En un punto, la profesionalización y el resultadismo cambiaron la perspectiva y se tomó al penalty como una especialización, tanto de los ejecutantes como de los arqueros. Luego pasó a ser una prueba de temple o jerarquía, en tanto se aceptaba que algo tan fácil de cumplir no podía errarse sino fuera a causa de un ‘pecho frío’, una cabeza caliente o un estómago flojo. Fue durante mucho tiempo, por eso mismo, especialidad de alemanes y brasileños, y por tanto, prueba última de jerarquía. La estadística, sin embargo, lo ha revelado menos misterioso, más predecible, casi vulgar: en La fórmula del gol se sostiene que el 72% de equipos que inicia el desempate de la tanda de penales lo gana; mientras que entre el 70% y 75% de los penales que se disparan en los torneos de nivel se convierten. Ello deja, grosso modo, una estadística de yerro nada desdeñable: 1 de cada 4.

El patrón no deja inmune ni siquiera a las estrellas extranjeras. Messi, en el tiro de los 12 pasos, se revela sorprendentemente normal, con un ratio de éxito de 77,1% (24 marros en toda su carrera). Su eterno rival, Cristiano Ronaldo, ha fallado 20 de 104 faltas ejecutadas en su vida profesional, lo que lo hace un poco más letal (83,8%). Christian Cueva, con todo el dolor que significó la derrota ante Dinamarca, ha fallado en 3 de 14 faltas desde que se gana la vida en el fútbol, lo que resulta en un decoroso 78,5% de acierto. No clasificamos a octavos de final, pero en algo el trujillano es mejor que Messi.

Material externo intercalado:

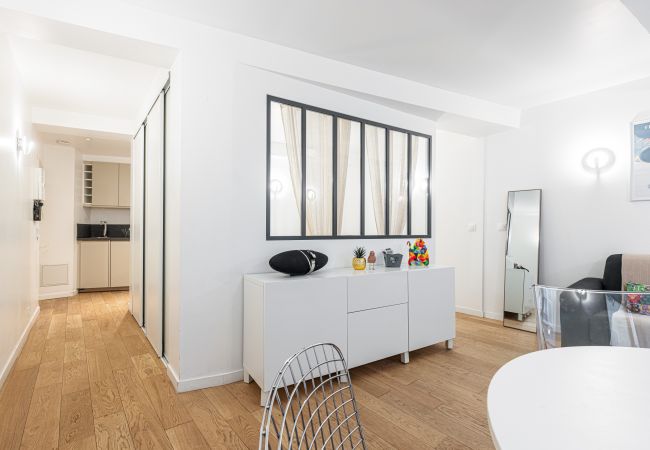 Apartment in Nice - Garibaldi Square - Cosy 1 Bdr Old Town - AC Apartment in Nice - Garibaldi Square - Cosy 1 Bdr Old Town - AC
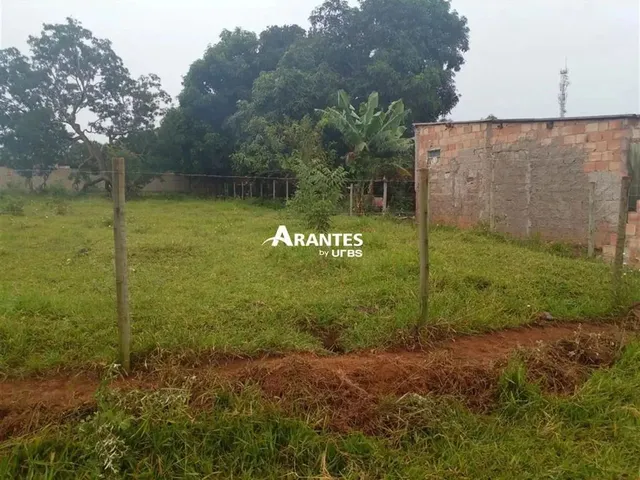 Imagem: Terreno com 1.000M² À Venda no Morada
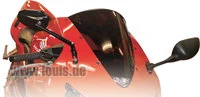 Adaptador universal HIGHSIDER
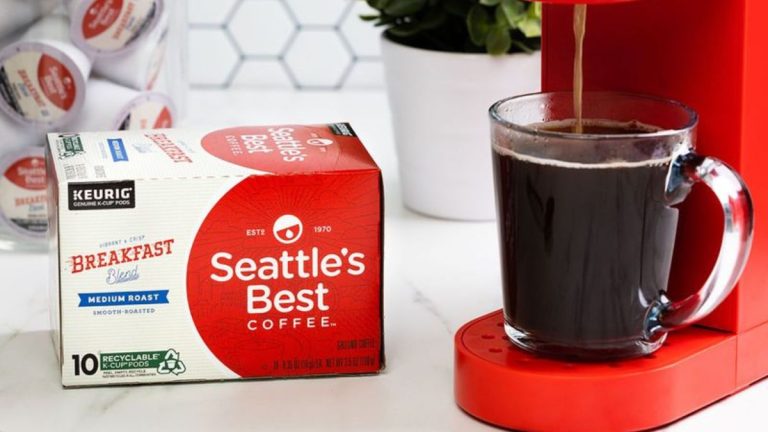 12 Coffee Brands You’re Better Off Avoiding—Save Your Taste Buds and Your Money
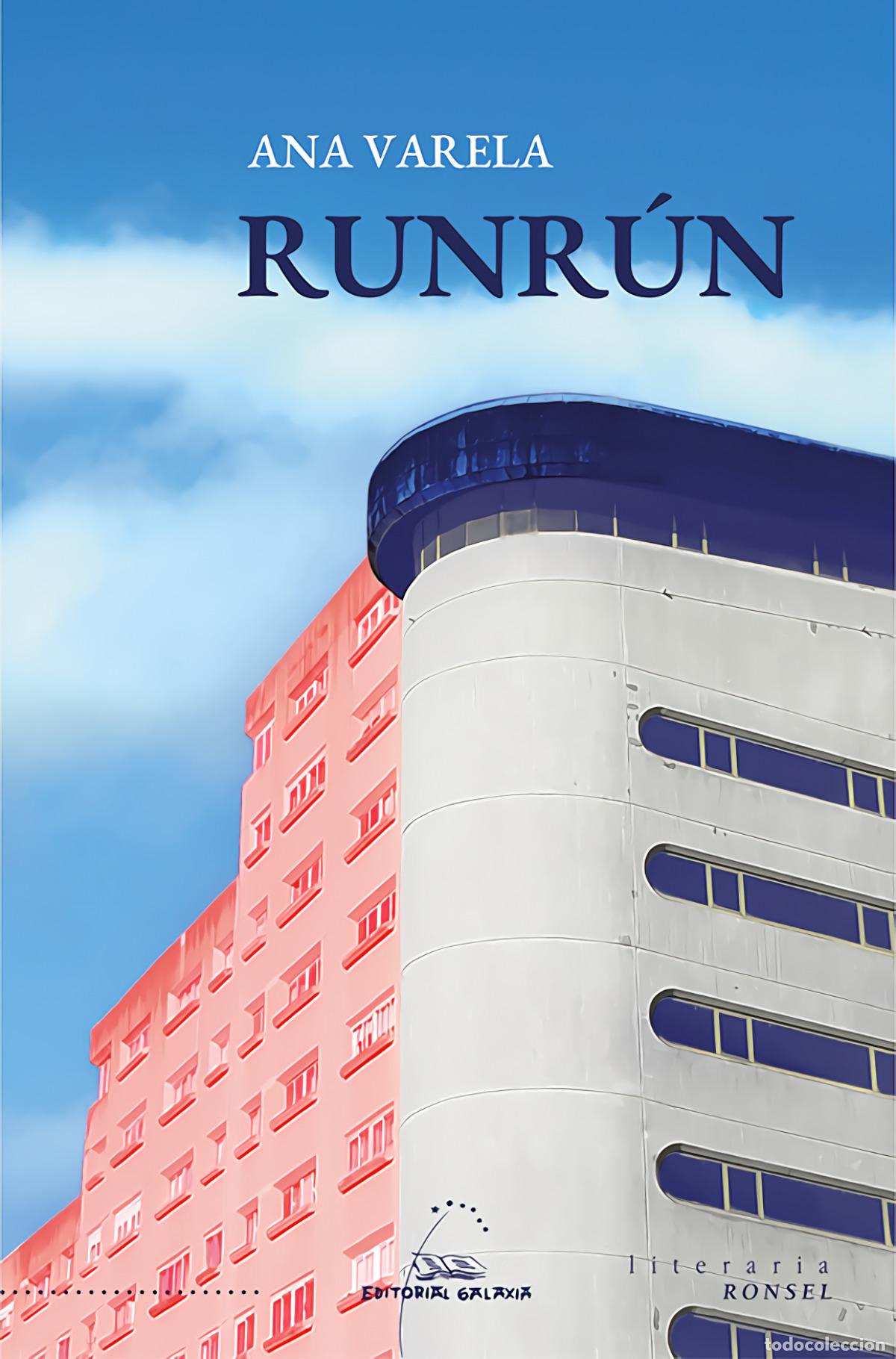 Libros: Runr&uacute;n - Varela, Ana - Foto 1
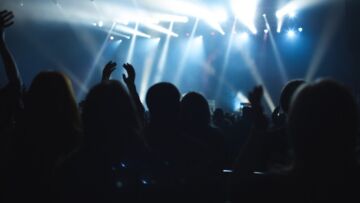 Jesienny koncert pełen muzycznych wrażeń w MDK Białystok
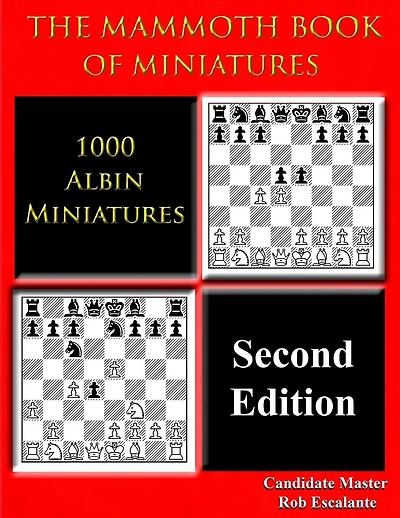 1000 Albin Miniatures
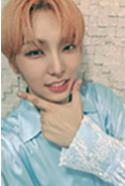 KISSENT1 ver.A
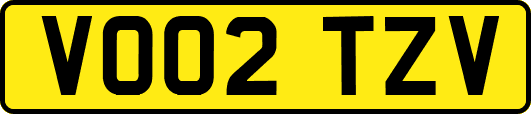 VO02TZV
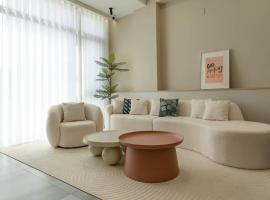 Good Homestay, hotel in Dongshan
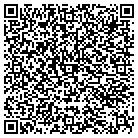 QR code with Hale Community Supervision/Cor contacts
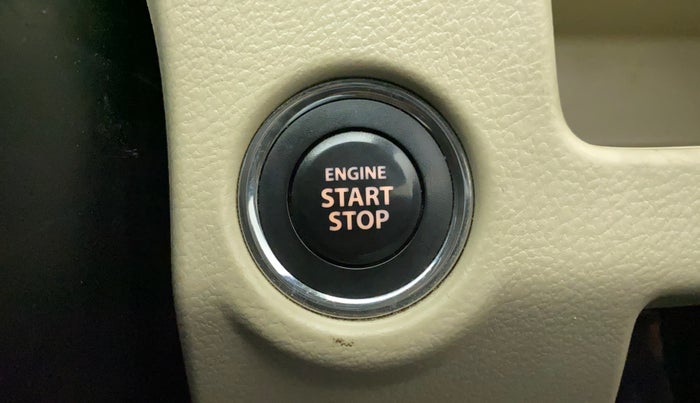 2015 Maruti Ciaz ZXI AT, Petrol, Automatic, 85,266 km, Keyless Start/ Stop Button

No hay, sin embargo, inexorabilidad. Todo el que ha pateado lo suficiente, incluso los más grandes, se equivocan. Pelé, quien sostuvo alguna vez que el cobro de penales era una forma de cobardía, falló alrededor de 20 (no entraremos aquí a mediar en el largo lío estadístico alrededor de lo que Pelé contaba como goles y partidos oficiales); Zico se equivocó ante Bats en México 86 luego de que Branco celebrara la falta como si tuviera el triunfo en el bolsillo; Maradona lanzó un zurdazo débil y avisado ante Yugoslavia en Italia 90 y tuvo que depender de la habilidad de Goycoechea para avanzar a semifinales; Baggio no solo la mandó a la tribuna en un Mundial, sino que lo hizo en la primera final que se dirimía vía la pena máxima... Hay, claro, excepciones. Andrea Brehme marcó el 1 a 0 luego de que Codesal pitara falta en el área, y lo hizo con su pierna derecha, pues sostenía que si bien era zurdo, la precisión la había desarrollado más con su “pie malo” a costa de práctica.

Pero vale la pena una nota final, si se quiere escrupulosa. El mundo no se divide entre quienes anotan y desperdician penales. El mundo se divide entre quienes van a patearlos y los que no.